Toll road a nightmare,
Toll road a nightmare, says car rental firm
by Peter de Graaf
The electronic toll system for the new northern motorway extension is an "administrative nightmare", according to a Kaikohe-based car rental company.
The 7.5km Northern Gateway toll road from Puhoi to Orewa shaves about 15 minutes off the old route between Northland and Auckland. It opened on January 25 and includes soaring viaducts, a tunnel, and a high-tech system for recording licence plates and charging $2 per car or $4 per truck. Drivers can pay over the phone, via the internet, or at machines at either end.
However, the owner of Nationwide Car Rentals - which has offices around the country but is headquartered in Kaikohe - said the tolling system was "ill-conceived and ill-thought-out".

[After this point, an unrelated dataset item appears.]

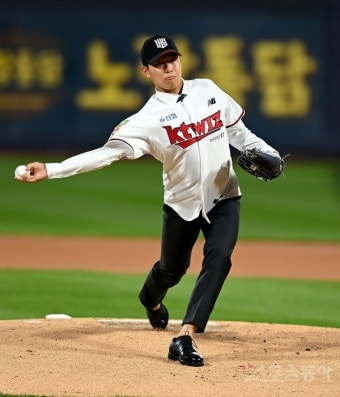 kt 2023년 1라운드 신인투수 김정운의 시구! [포토]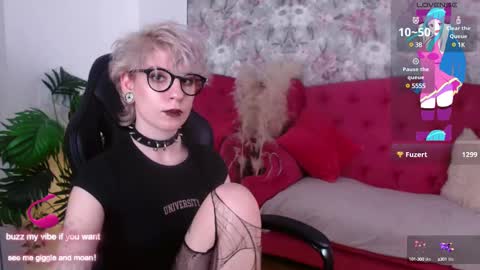 Snapshot of obedientt_ chatting on 02.27.25 Moonlight online show from 02.27.25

Peter Petersen said 90 per cent of his clients were overseas visitors whose credit cards did not work in the payment machines. Nor could they call the 0800 number from their international cellphones, leaving them to find a computer in their hotel or an internet cafe.
"All that costs them time and money when they're supposed to be on holiday, spending money in Northland," Mr Petersen said.
The company asked its customers when they arrived in Auckland whether they were planning to use the toll road and charged them there and then.
However, there was no way of checking who had used the road until a $2 deduction showed up the company's toll road account.
"The whole thing's an administrative nightmare," he said.
Mr Petersen said he was considering advising his customers to use the old road through Orewa and Waiwera.
One company already doing just that is Auckland-based Scotties Rent-a-Car. Director Keith Scott said in one week alone half-a-dozen customers had trouble paying. Most were Americans or Europeans, and the payment machines would not take their overseas credit cards.
The company was now charging customers a $500 infringement fee if they used the toll road without paying.
Mr Scott defended the charge, saying it was not a fine but an "infringement processing fee" to cover legal costs if the company ended up in court over unpaid tolls.
Mr Scott said he was not telling customers not to use the motorway, but he was urging them to use the old route.
Mr Scott said "heaps" of his customers went to Northland, in particular to Tutukaka and the Poor Knights, the Bay of Islands and the Hokianga.
However, the New Zealand Transport Agency - which is in charge of the country's highways - said the world-wide trend for tolling motorways was to use fully electronic, free-flow toll collection systems, not cash booths.
Cash-based toll collection was becoming increasingly expensive to operate, Auckland/Northland director Wayne McDonald said.
Rental car companies in Australia and Europe had put measures in place so their customers could use electronic toll roads, and he expected companies in New Zealand to do the same.